Assessment of Resistance and Pulsatility Indices by Color Doppler Ultrasonography
Sonography was performed by an ATL HDI 5000 (Philips Medical Systems, Bothell, WA), using a 2.5-MHz convex array transducer. Intrarenal Doppler signals were obtained from three representative arcuate and interlobar arteries. The peak systolic velocity (Vmax), the minimal diastolic velocity (Vmin), and the mean velocity (Vmean) were determined; the renal segment arterial RI was calculated as 100×(1−[Vmin/Vmax]) and the renal segment PI was calculated as 100×([Vmax−Vmin]/Vmean). The median RI and PI were assessed using six different measurements, performed by a single investigator.
Baseline investigation of the allograft was performed in B-mode. After identification of the optimal long-axis view of the allograft, the transducer was kept in a stable position, whereas the imaging mode was changed to low MI contrast-specific imaging according to the international guidelines for the use of contrast agents in ultrasound (19, 42). After adjustment of MI settings and reduction of B-mode gain, major allograft structures were barely visible. Five milliliters of SonoVue, a second-generation contrast agent, was applied by a perfusor (VueJect, syringe pump for ultrasound contrast agent; Bracco Research SA, Geneva, Switzerland) over a time period of 90 sec, for constant microvascular perfusion. Gain settings were optimized for each study; imaging was performed with low MI (MI=0.1) in color-coded harmonic power pulse inversion mode, with a low frame rate (7–10 images/sec), color gain 70%, and dynamic range with a maximum of 170 dB. Initial visualization of the contrast agent occurred after 15 to 25 sec. When optimal renal contrast amplification (visualization) was achieved (after 35–45 sec), a 300-msec pulse, with a high MI (MI=1.0) (burst imaging), was transmitted. Thereafter, the imaging was reset to low power, and replenishment was visualized for 10 to 15 sec. For quantitative analysis of renal tissue perfusion, a region of interest was placed in the renal cortex. Mean volume of region of interest was 380 mm2 (range 310–460 mm2). Interlobar and arcuate arteries were carefully excluded from regions of interest. Contrast intensity was measured after flash and spline curves of contrast intensity versus time were calculated according to an exponential function y=A×(1 − e−βt), as described previously (14, 15). The plateau of signal intensity (A) and the slope of maximal signal intensity rise (β) were measured, and the product of A×β was calculated in the renal cortex to estimate the blood flow. Images and perfusion were analyzed quantitatively, using a commercially available software tool (Q-Lab, Release 4.1, Philips, Bothell, WA).
CsA concentration was analyzed by means of the Dimension Xpand enzyme immunoassay (Dade Behring, Deerfield, IL).
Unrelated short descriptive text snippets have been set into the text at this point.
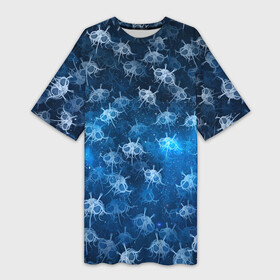 Платье-футболка 3D с принтом Летающие макаронные монстры в Санкт-Петербурге,  |  | галактикаб паттерн | звезды | космос | лапша | лмм | мем | пастафарианство | спагетти | тефтели | фрикадельки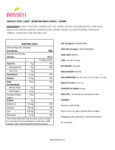 Bossen Pure25 Cherry Bursting Boba Nutrition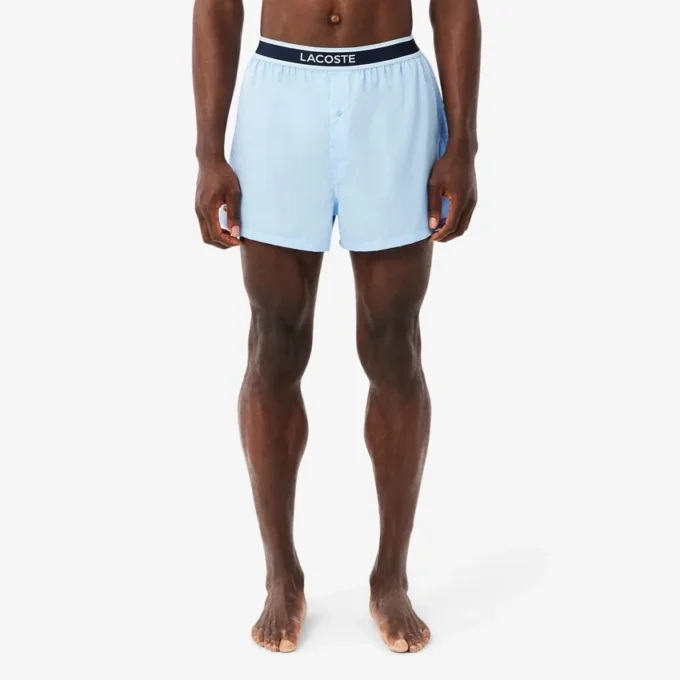 3-pack bomullsboxershorts i poplin för herr
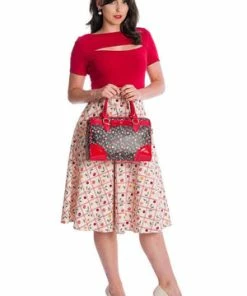 Banned Rose Jersey Top -ROCKABILLY TOPS Shop 06 29 TP10430RED 20SK25356CREAM 0335 300x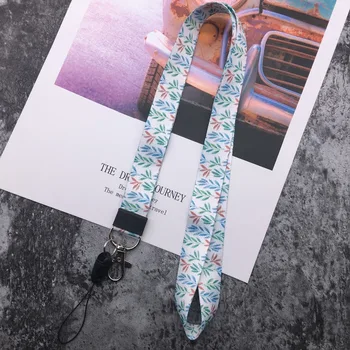 

10Pcs/lot Mobile Phone Strap Flowers and leaves Lanyard Neck Strap For Keys ID Card S For Huawei USB Badge Holder DIY Hang Rope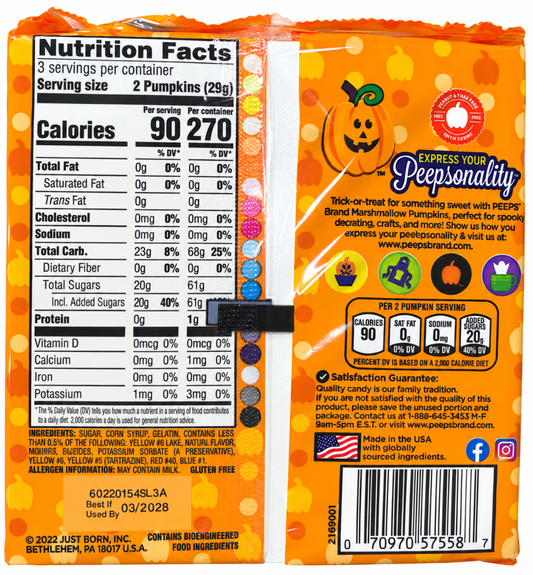 Peeps Marshmallow Pumpkins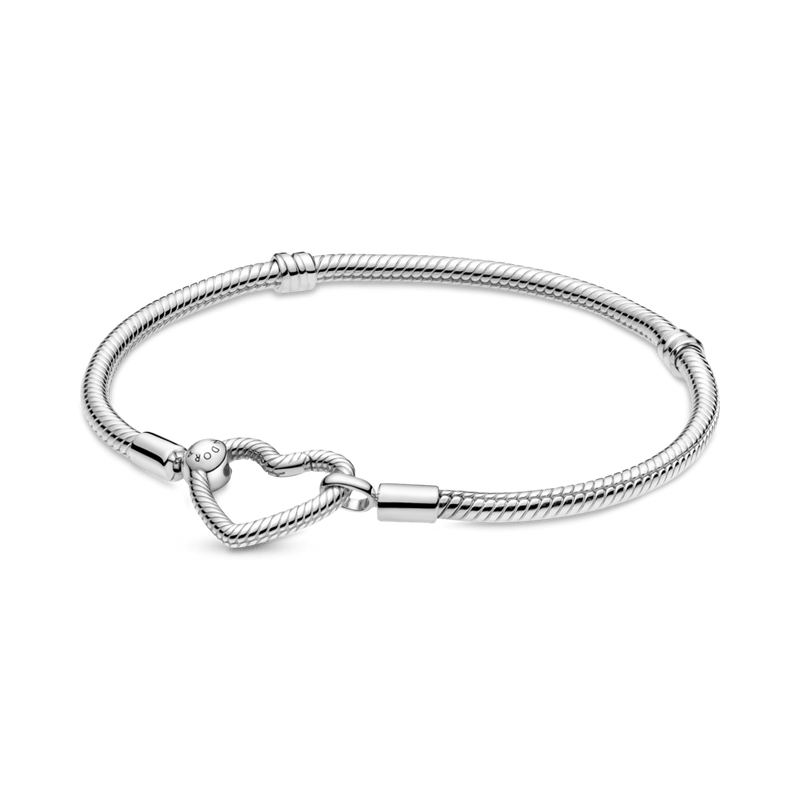 Pulseira Moments Com Fecho De Coracao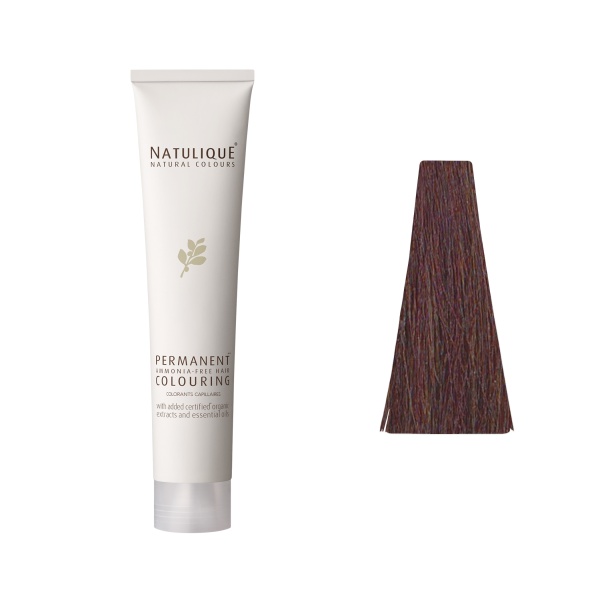 Natulique Краситель для волос без аммиака Permanent Ammonia-Free Hair Colouring, 4.6 медно-Коричневый Copper Brown, 75 мл купить - 0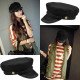 Women Military Beret Hats Sailor Caps Flat Bone Casquette Militaire Stylish Embroidery Lace Decoration Captain Cotton Naval Caps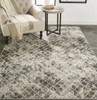 10' X 14' Ivory Gray And Taupe Abstract Stain Resistant Area Rug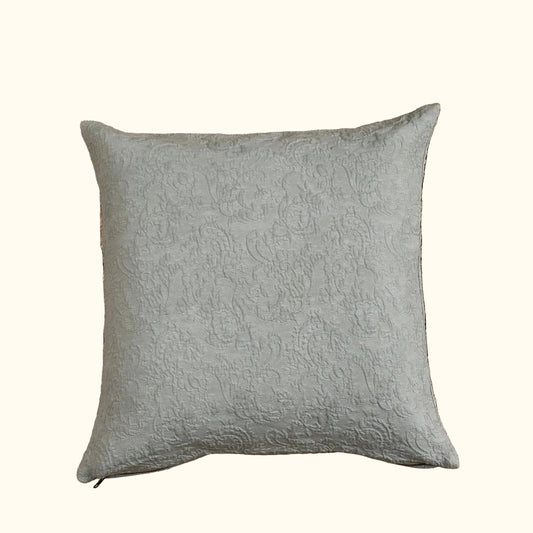 Matelasse Overdyed Pillow - 22 x 22 - Portugal - 561c
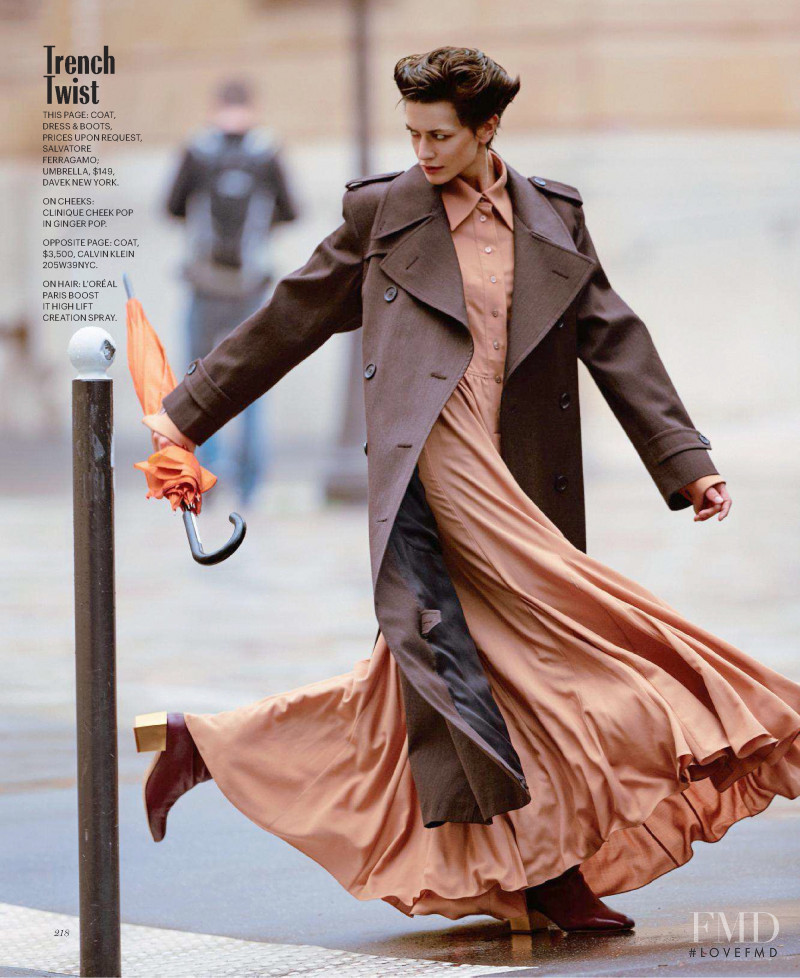 Louise de Chevigny featured in Coat Check, September 2018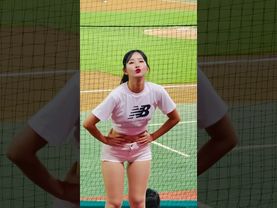 꿀피부 찌나뇽 #김진아 #김진아치어리더#ktwiz #kt위즈 #kt위즈치어리더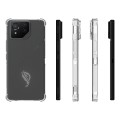 For Asus ROG Phone 8 Shockproof Non-slip Thickening TPU Phone Case(Transparent)
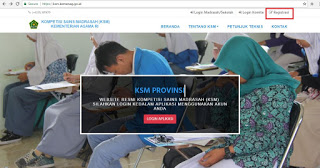 Daftar KMS Melalui Situs Resminya di ksm Daftar KMS Melalui Situs Resminya di ksm.kemenag.go.id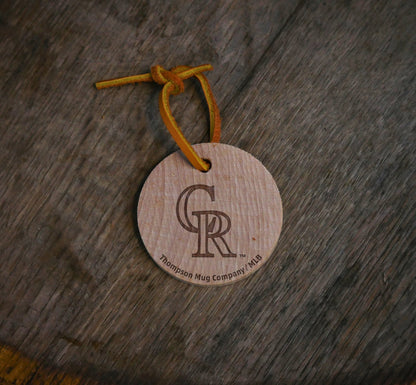 Official MLB Team Bat Slice Ornament – Choose From All 30 Teams | Real Wood Baseball Christmas Ornament | Laser Engraved, Made in the USA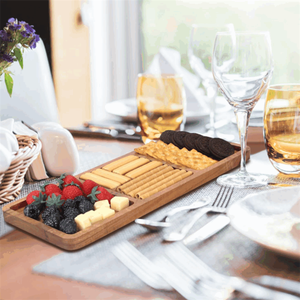 Plateau de présentation de fromages en bois moderne assiette à <span class=keywords><strong>brunch</strong></span> sculptée et plateau de service de fruits pour le salon en gros - Product Image 5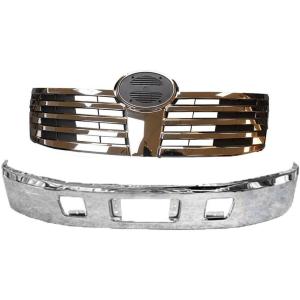 imageMytee Products Chrome Front Grille wo Bug Screen Compatible wHino 338 238 268 20052010  Bumper Cover Grill Replaces 53101E0040 763013210A Genuine Newstar S25561Grille  Bumper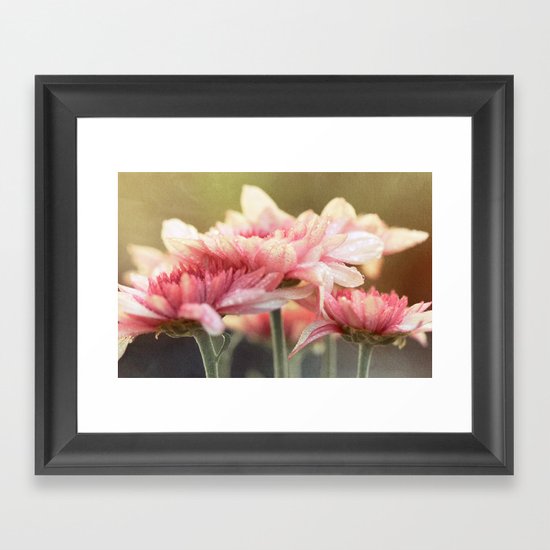 No matter the shadows, your presence is like sunlight on my face. Framed Art Print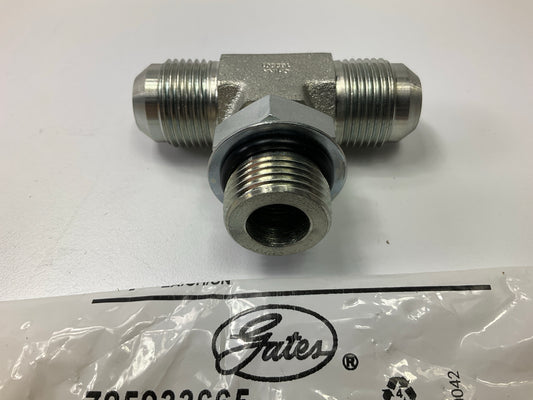 Gates G60350-1212 Male JIC 37° Flare Run Male O-Ring Boss Tee - 12MJ-12MJ-12MB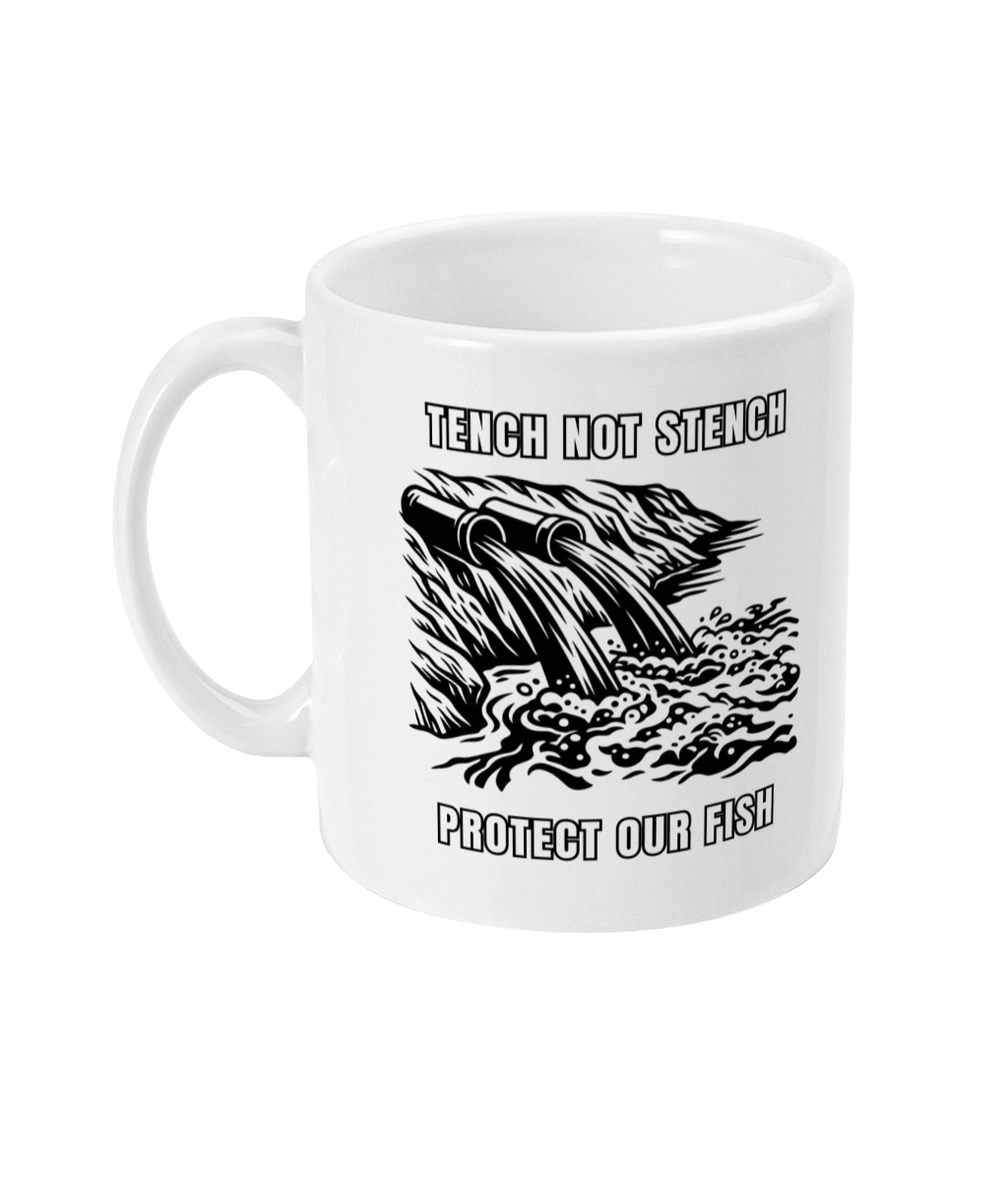 Protect Our Fish – Tench Not Stench Mug - Image 2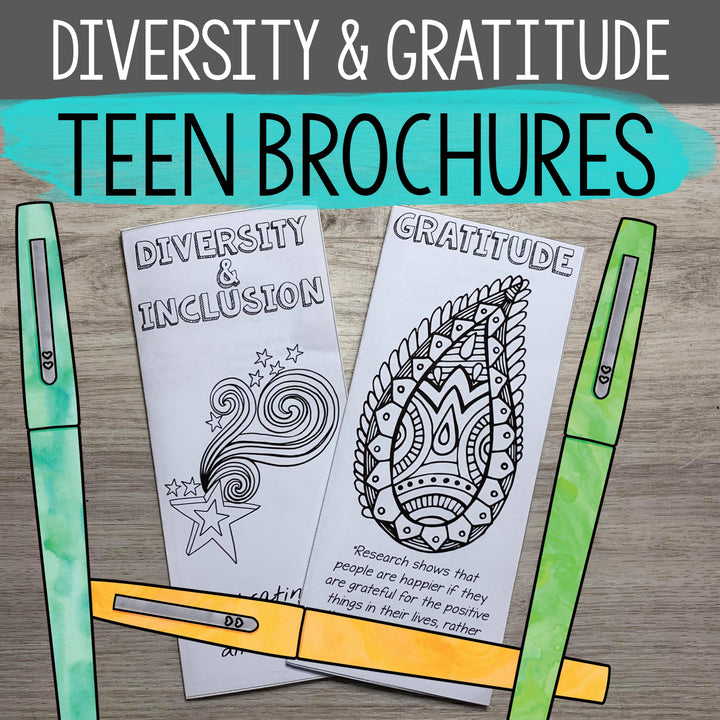Social Emotional Learning Brochures for Teens (Upper middle and High School)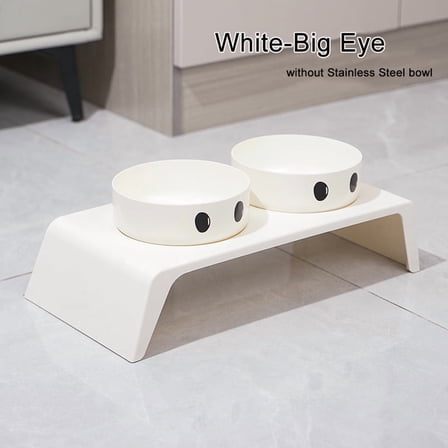 Elevated Pet Dog Feeder Bowls Raised Stand with Double Stainless Steel Food Water Bowls For Small Medium Large Dogs Cats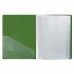 Папка 60 файлов 600 мкм 35мм торц + внутр карман, А4, пластик, зеленый пастельный, Nude, 241448 KLERK 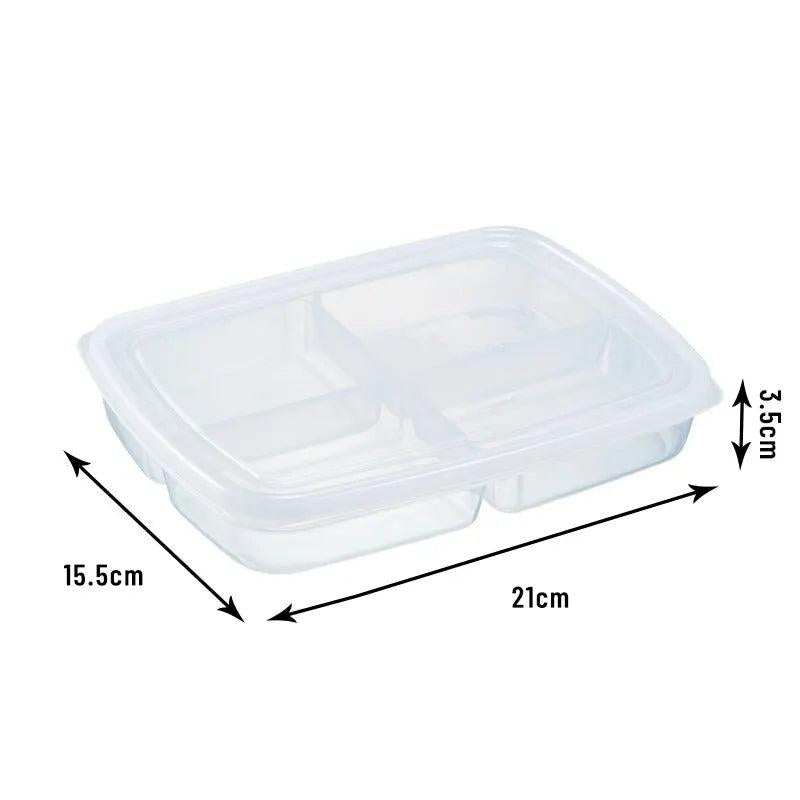 Transparent 4-Grid Refrigerator Food Storage Box by HitMyNeed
Tac concentration was analyzed by means of the EMIT Dimension EXL (Siemens, Munich, Germany). The GFR was estimated according to the modification of diet in renal disease formula (43). All other laboratory measurements were carried out using standard methods in a certified laboratory.
For all statistical analysis, Prism Version 5 (GraphPad Software, La Jolla, CA) was used. Demographic and clinical variables are presented as mean±standard deviation. Correlations were analyzed using the Pearson correlation coefficient. For investigation of changes within the group, one-tailed Wilcoxon matched-pairs signed-rank test was used. For investigation of changes between groups, the Mann-Whitney U test was used. Differences were considered significant at P less than 0.05.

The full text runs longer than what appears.